The U.S. Government is funding robust, ongoing assistance programs in each of the areas addressed in the Silk Road Strategy Act, and does not recommend the implementation of any new initiatives to implement the policy and purposes contained in the Act.
Armenia: The U.S.-Armenia Bilateral Investment Treaty entered into force on March 29, 1996. The Department is unaware of any outstanding investment disputes involving U.S. citizens and the Government of Armenia.
Azerbaijan: The U.S.-Azerbaijan Bilateral Investment Treaty entered into force on August 2, 2001. The State Department is aware of one pending claim against the Government of Azerbaijan (GOAJ), which is dormant. Another long running dispute, in which a U.S. company claimed that the GOAJ improperly prevented it from becoming the majority shareholder in a joint venture with the Ministry of Communications, was resolved on December 29, 2003 with the GOAJ selling its entire share in the joint venture to the U.S. company. The U.S. Embassy has offered appropriate assistance to the U.S. companies.

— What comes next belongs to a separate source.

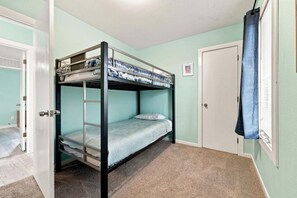 A bunk bed room with a door, a framed picture on the wall, and a window with a curtain.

Georgia: The U.S.-Georgia Bilateral Investment Treaty entered into force on August 17, 1997. The State Department is aware of one active investment dispute between a U.S. company and the Government of Georgia (GOG). In that dispute the U.S. company alleges that the GOG has participated in looting the assets of a bank the company owns in Georgia. The claim is currently being processed by OPIC. The US Embassy has offered appropriate assistance to the company when requested.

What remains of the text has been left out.